Everything in the entries except the pictures must be repeated exactly.
── RECORD SET ──
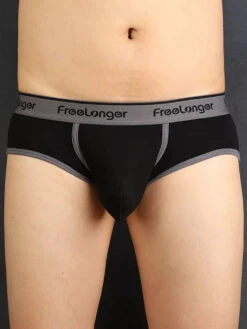 FreeLonger Men's Microfiber Covered Silky Touch Briefs(Mens Microfiber No Fly Covered Silky Touch Briefs Mrsaker) 25 FreeLonger Men's Microfiber Covered Silky Touch Briefs(Mens Microfiber No Fly Covered Silky Touch Briefs Mrsaker) -Mr Saker 20b56aaf68a93e5372a293593dd10846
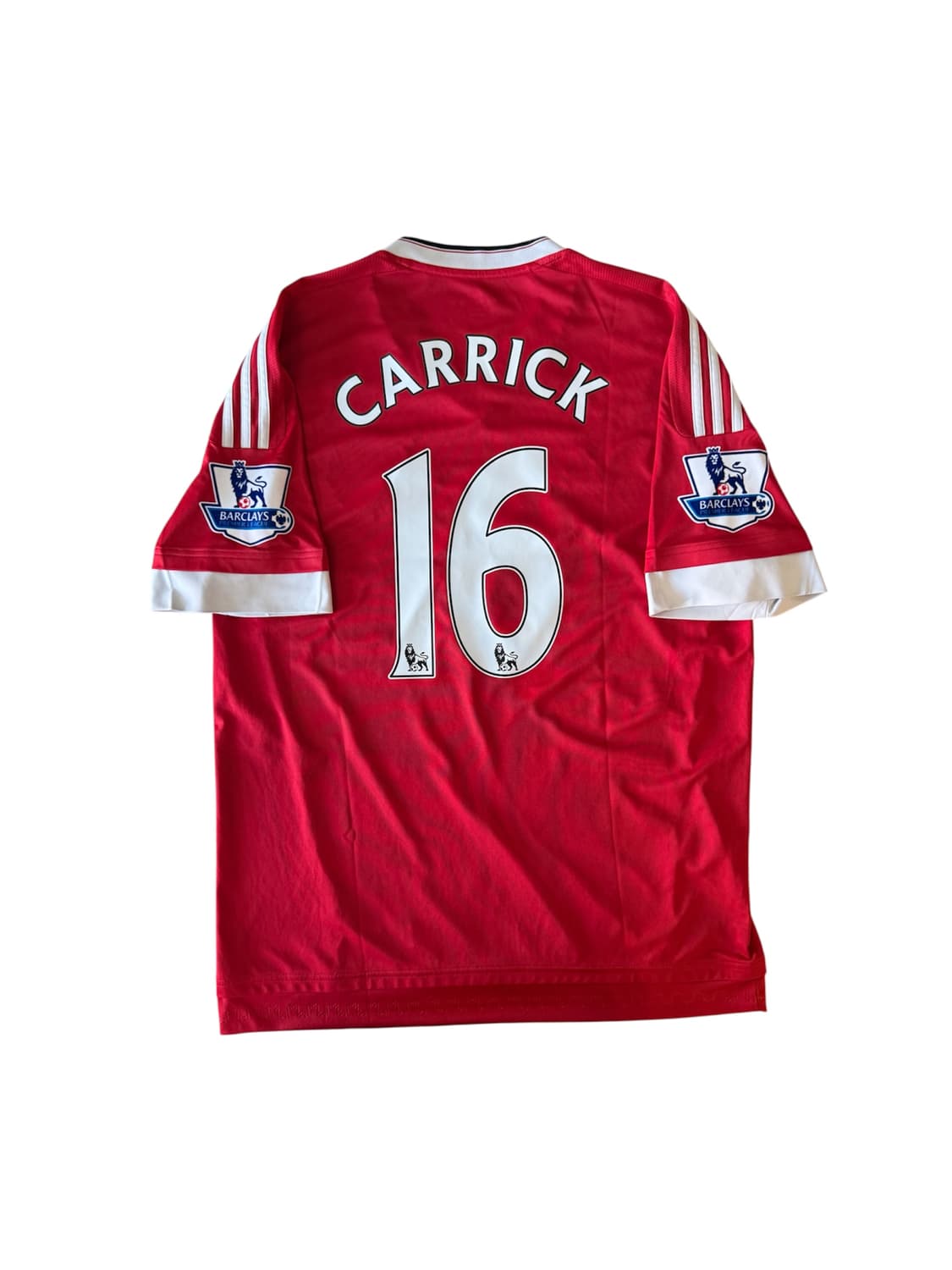 [L/105]15-16 맨유 홈 캐릭 유니폼 AC114 상품이미지1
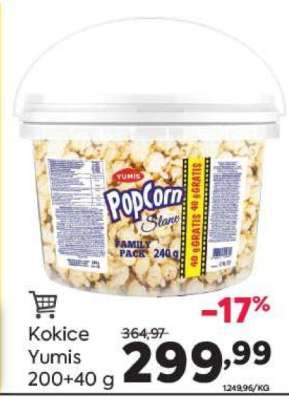 Kokice Yumis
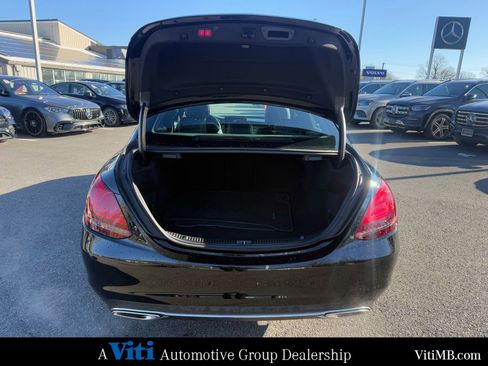 Certified 2021 Mercedes-Benz C 300 C 300 image 23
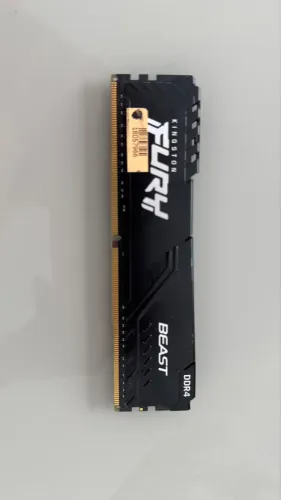 Memória DDR4 - 16gb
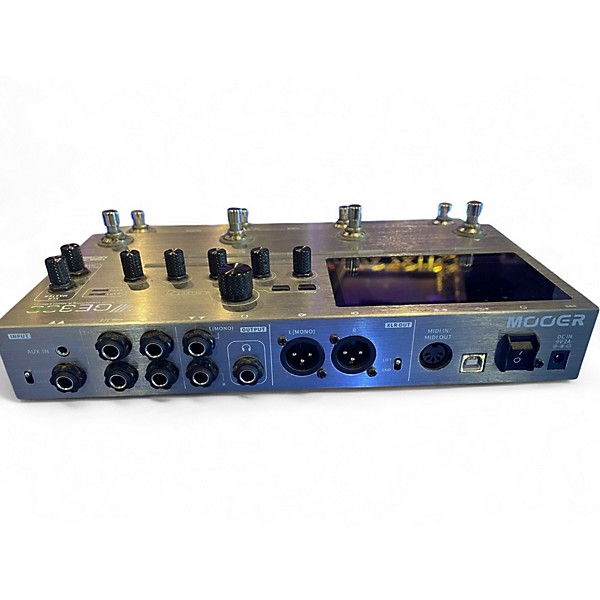 Used Mooer GE 300 LITE Effect Processor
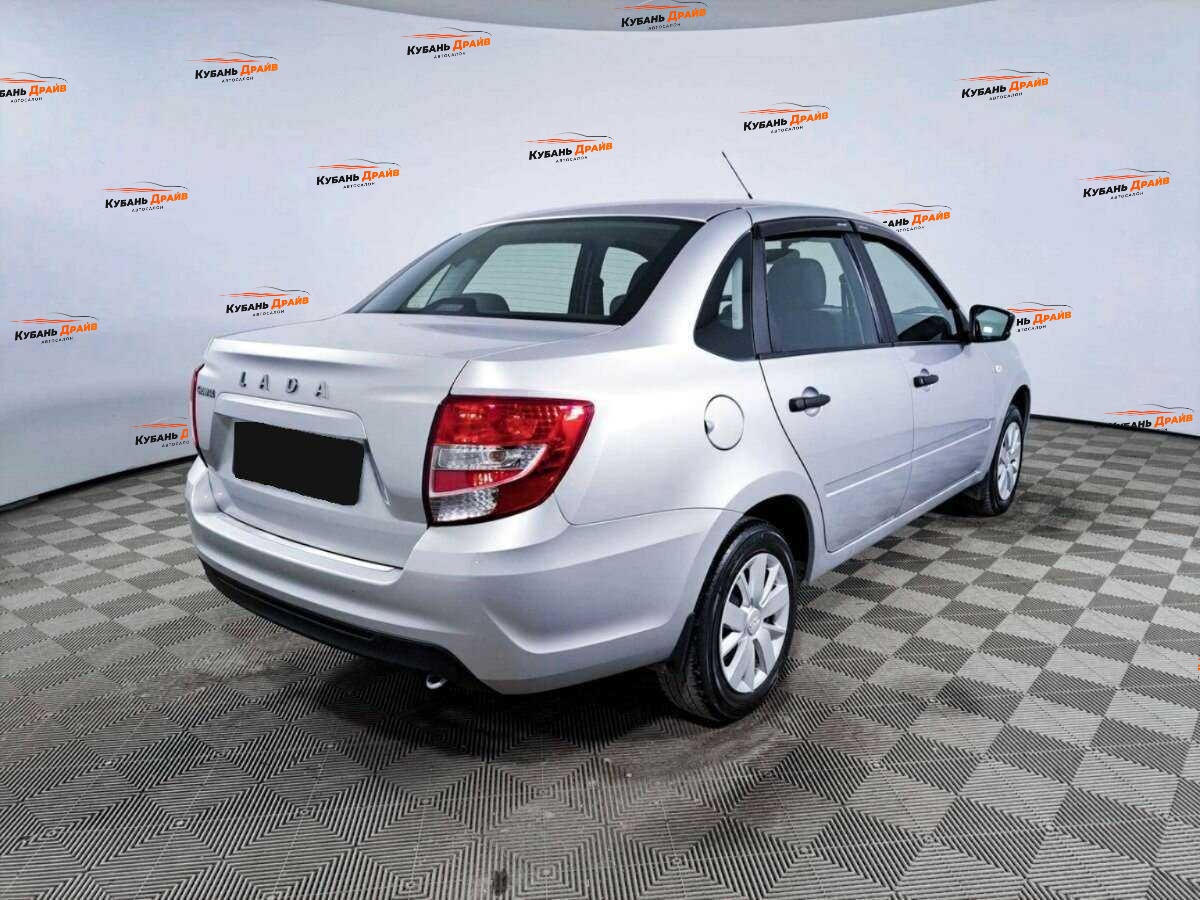Lada (ВАЗ) Granta 2021 года с пробегом. Фото: #3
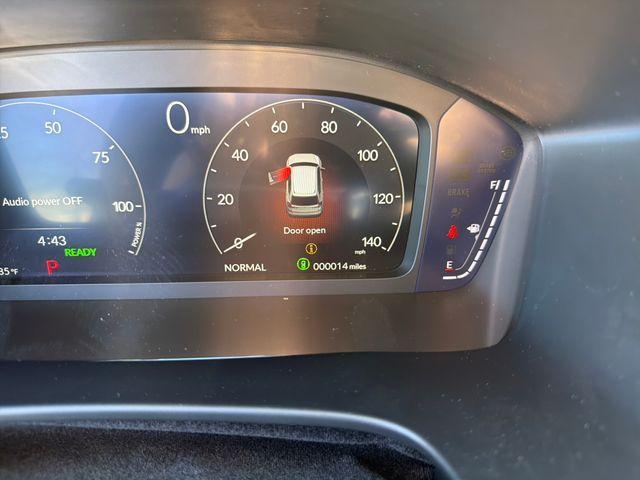 new 2026 Honda CR-V Hybrid car, priced at $41,675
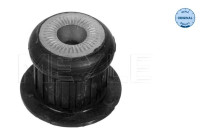 Suspensión, bastidor auxiliar/soporte del motor 100 199 0033 Meyle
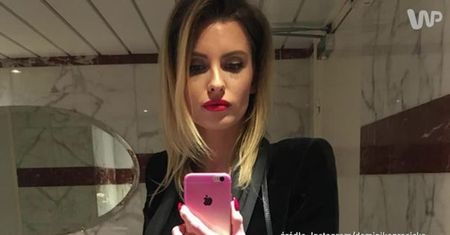 Dominika Grosicka kusi w seksownym bikini za ponad 1000 złotych! Taki sam mają Chodakowska i Siwiec. Która wygląda w nim najlepiej?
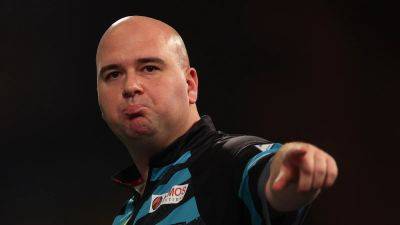 Rob Cross battles into last 16 at Ally Pally - rte.ie - Germany
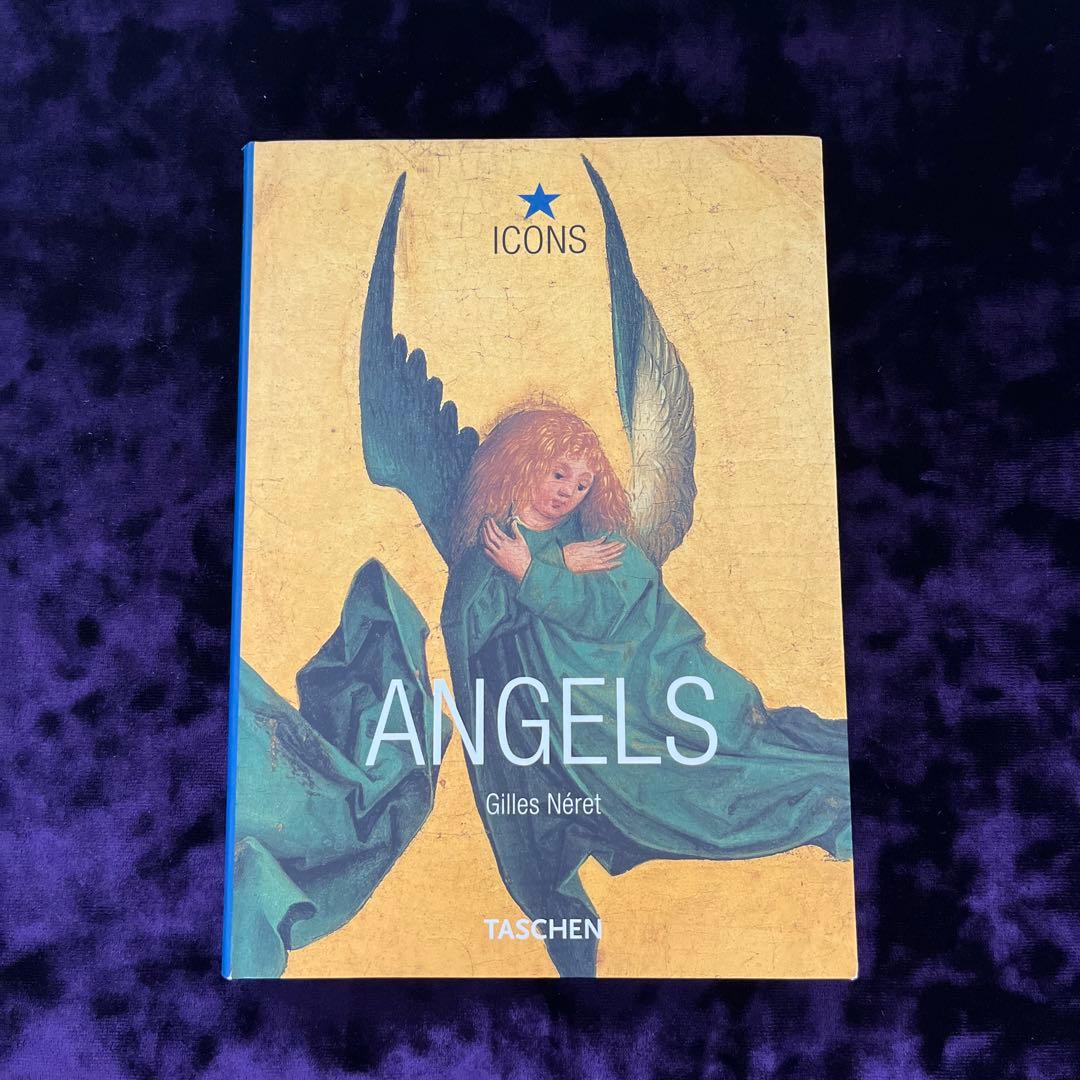 ANGELS】天使の画集 - メルカリ
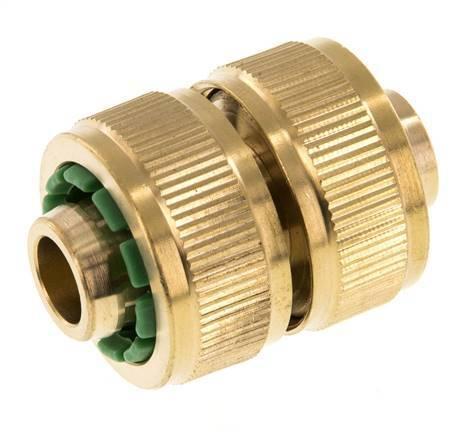 Réparateur de tuyau en laiton style GARDENA 13 mm (1/2), Bricolage & Construction, Bricolage & Rénovation Autre, Envoi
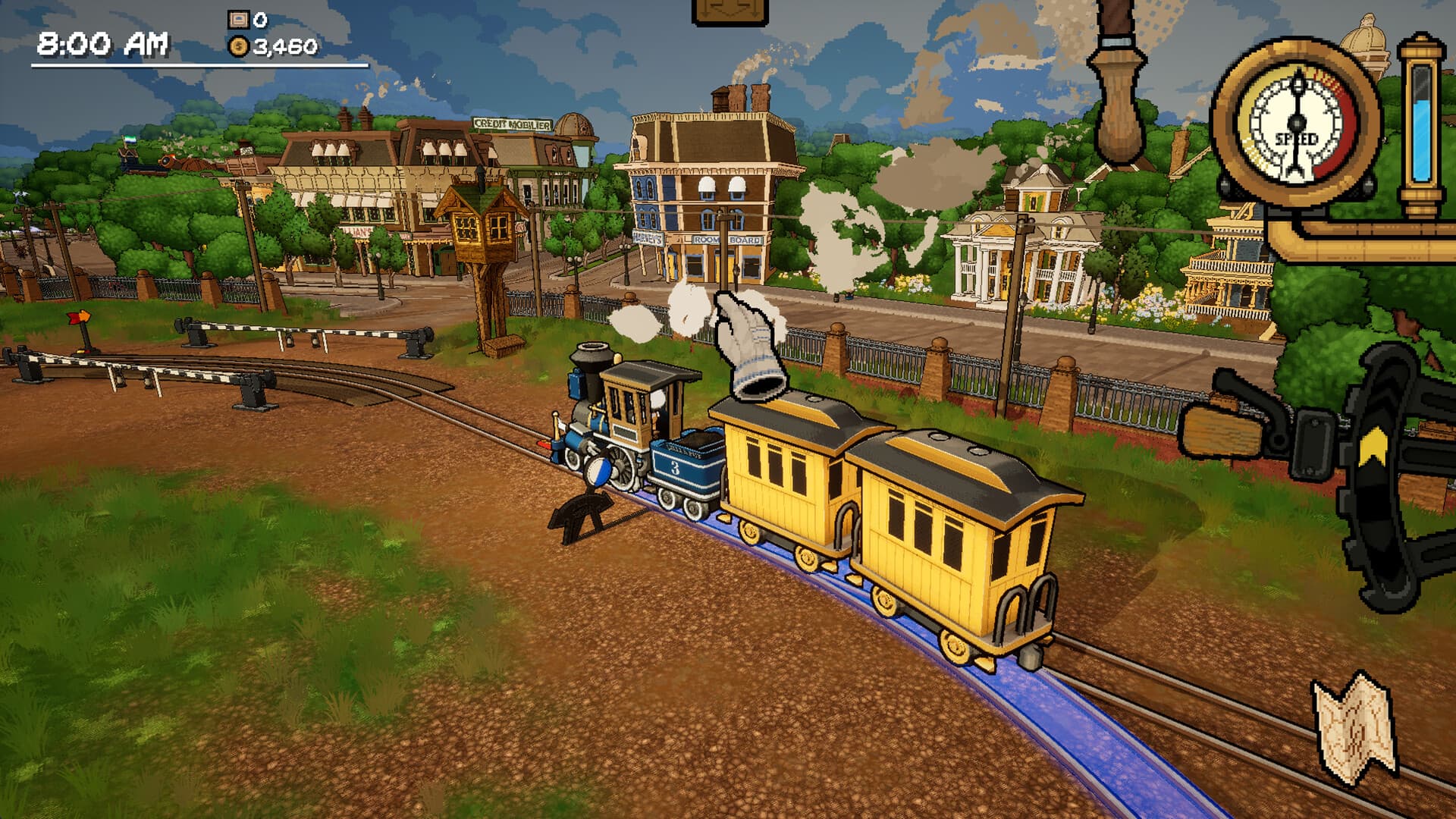 A Bumpy Ride screenshot 4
───
SOLUTION TO THE EXERCISE:
 FreeLonger Men's Microfiber Covered Silky Touch Briefs(Mens Microfiber No Fly Covered Silky Touch Briefs Mrsaker) 25 FreeLonger Men's Microfiber Covered Silky Touch Briefs(Mens Microfiber No Fly Covered Silky Touch Briefs Mrsaker) -Mr Saker 20b56aaf68a93e5372a293593dd10846
 [L/105]15-16 맨유 홈 캐릭 유니폼 AC114 상품이미지1
 Kokice Yumis
 Certified 2021 Mercedes-Benz C 300 C 300 image 23
 Memória DDR4 - 16gb
 Used Mooer GE 300 LITE Effect Processor
Lada (ВАЗ) Granta 2021 года с пробегом. Фото: #3
 new 2026 Honda CR-V Hybrid car, priced at $41,675
 Suspensión, bastidor auxiliar/soporte del motor 100 199 0033 Meyle
 Dominika Grosicka kusi w seksownym bikini za ponad 1000 złotych! Taki sam mają Chodakowska i Siwiec. Która wygląda w nim najlepiej?
 Rob Cross battles into last 16 at Ally Pally - rte.ie - Germany
 ANGELS】天使の画集 - メルカリ
 Réparateur de tuyau en laiton style GARDENA 13 mm (1/2), Bricolage & Construction, Bricolage & Rénovation Autre, Envoi
 A Bumpy Ride screenshot 4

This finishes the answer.